> [What you should do] The entries that follow must be written out exactly, without any of the pictures they contain.

> [Input data]
+---+
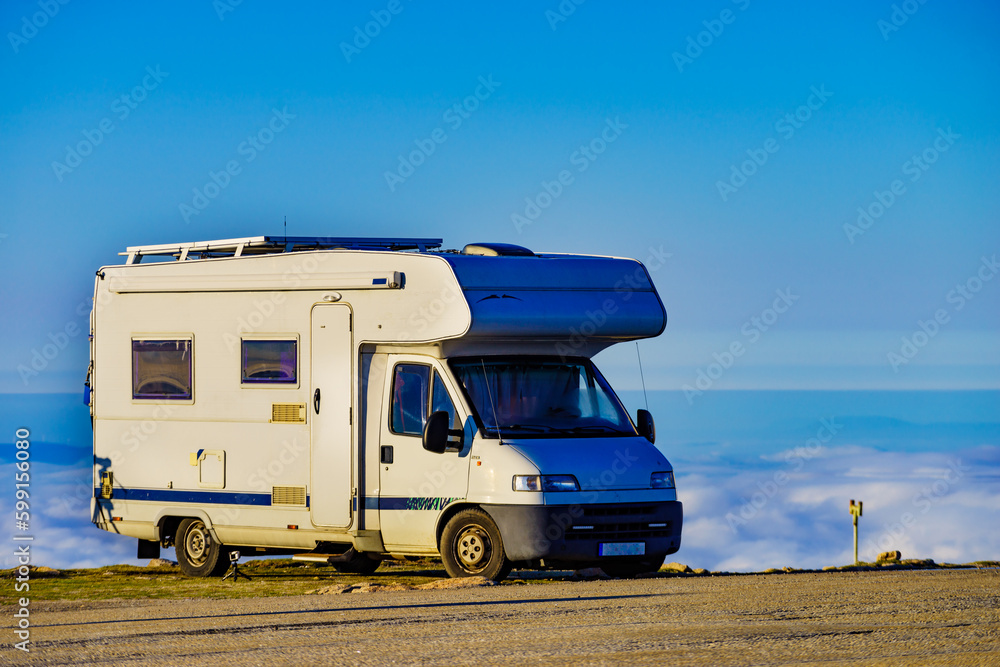 Rv camper in mountains above clouds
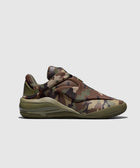 Men's low-top sneaker with green and brown camouflage pattern on a light background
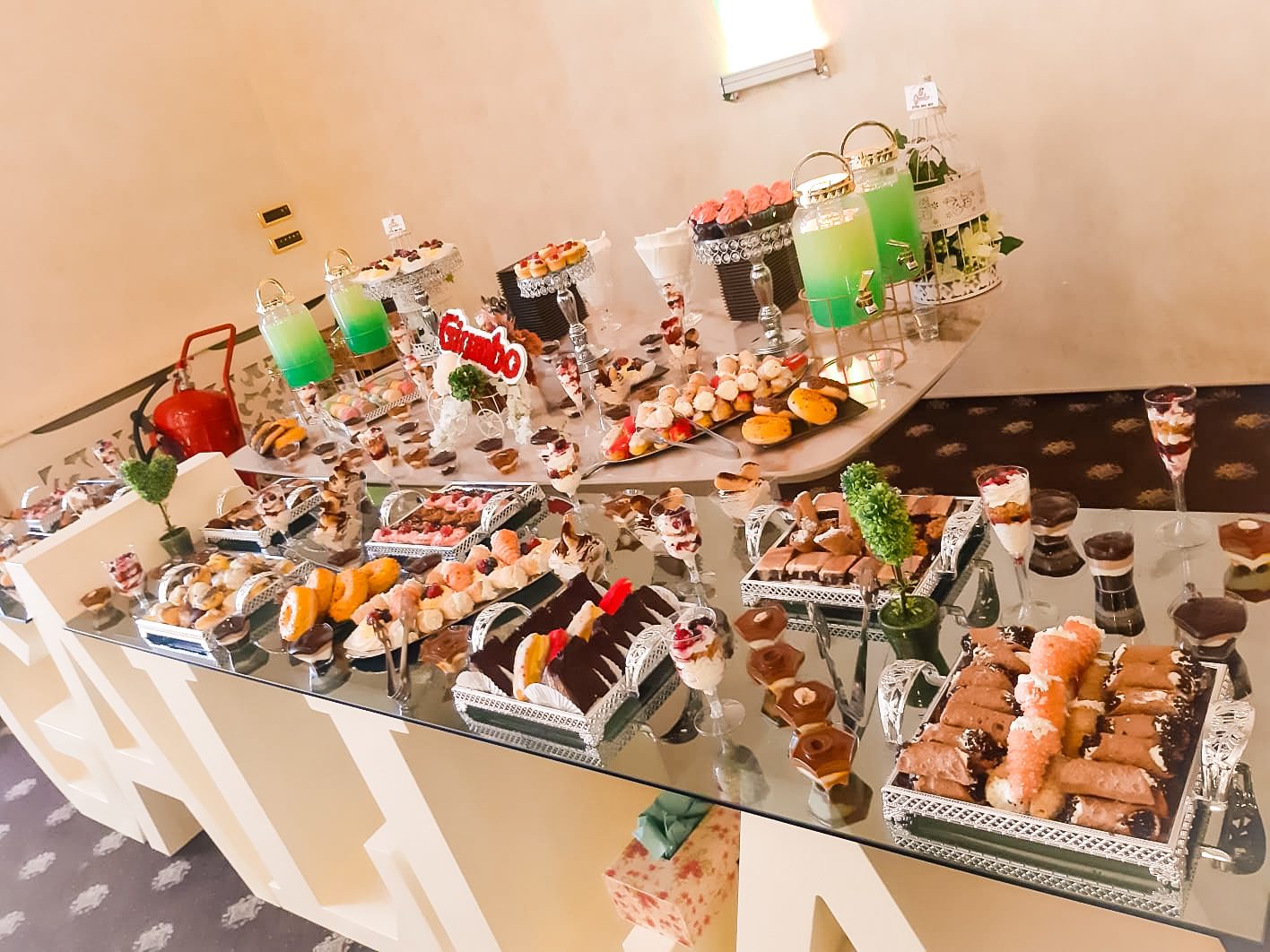 Masă dulce de eveniment pregătită de Cofetăria Giumbo, aranjată pe o masă amplă, cu prăjituri asortate și limonade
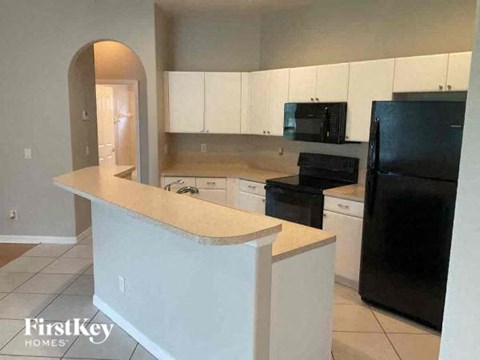 a kitchen with a counter and a black refrigerator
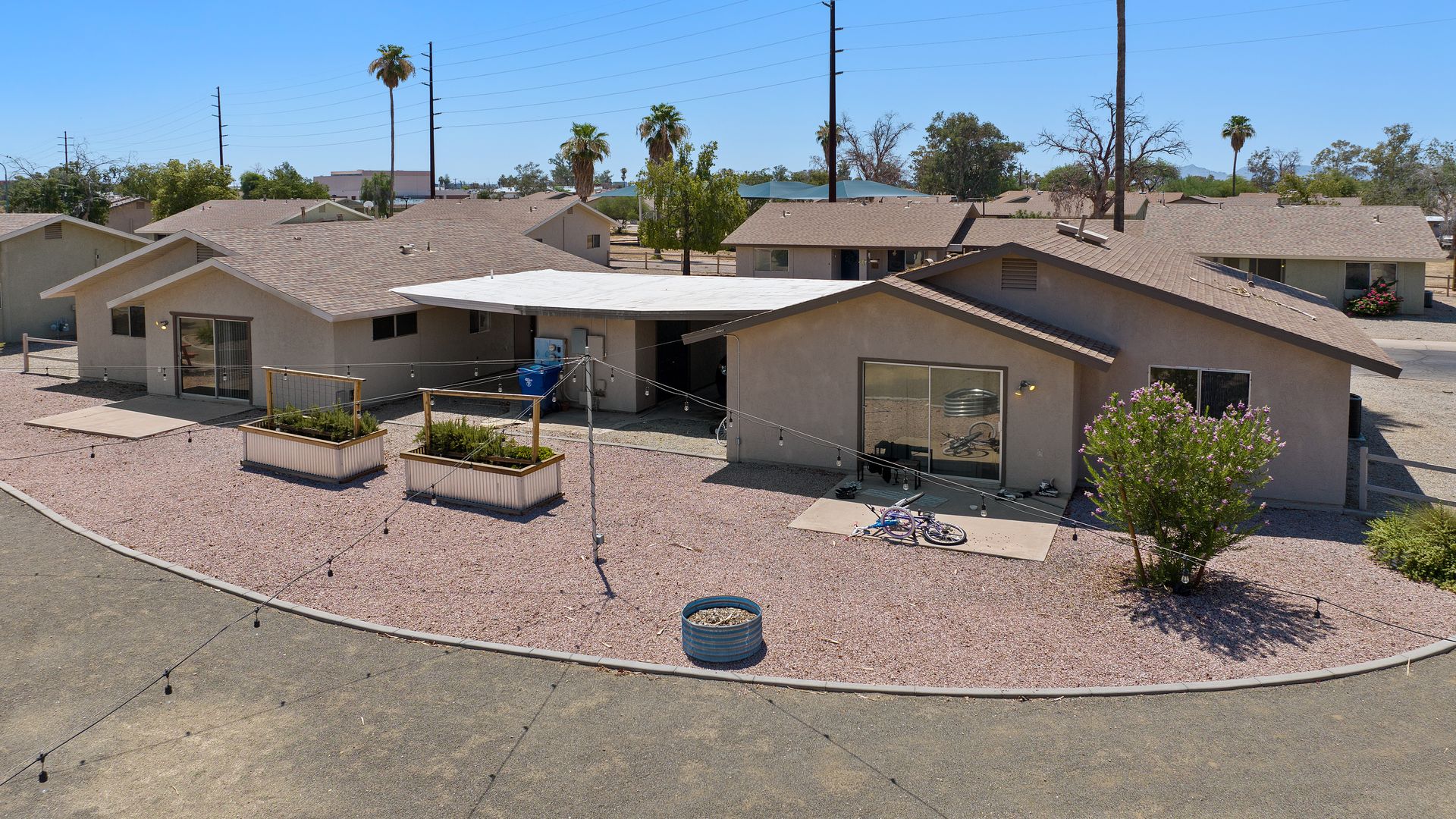 Single-story beige houses with brown roofs under clear blue sky, gravel yards, string lights, two bicycles, planters with greenery, and palm trees in the background.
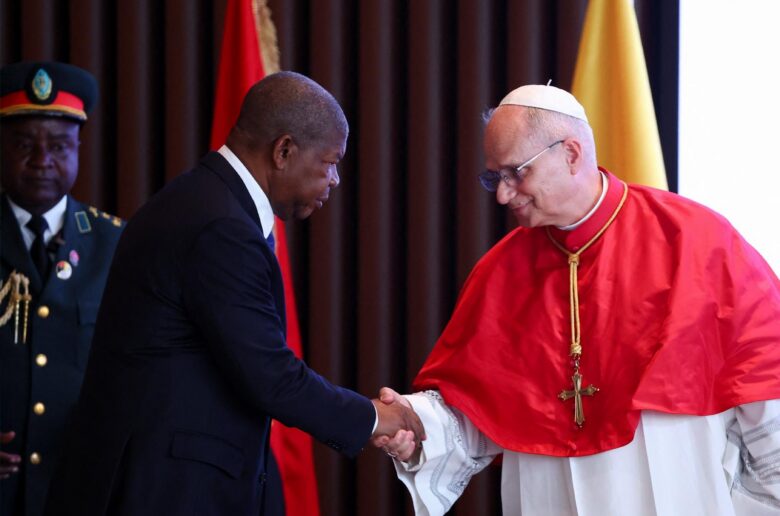 Pope Leo XIV and Angolan President Joao Lourenco shake hands as they attend a meeting with the authorities, civil society and the diplomatic corps in Luanda, Angola, April 18, 2026. (OSV News photo/Guglielmo Mangiapane, Reuters)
+---+
> [Exercise result]
 Rv camper in mountains above clouds
 Men's low-top sneaker with green and brown camouflage pattern on a light background
 Masă dulce de eveniment pregătită de Cofetăria Giumbo, aranjată pe o masă amplă, cu prăjituri asortate și limonade
 a kitchen with a counter and a black refrigerator
 Single-story beige houses with brown roofs under clear blue sky, gravel yards, string lights, two bicycles, planters with greenery, and palm trees in the background.
 Pope Leo XIV and Angolan President Joao Lourenco shake hands as they attend a meeting with the authorities, civil society and the diplomatic corps in Luanda, Angola, April 18, 2026. (OSV News photo/Guglielmo Mangiapane, Reuters)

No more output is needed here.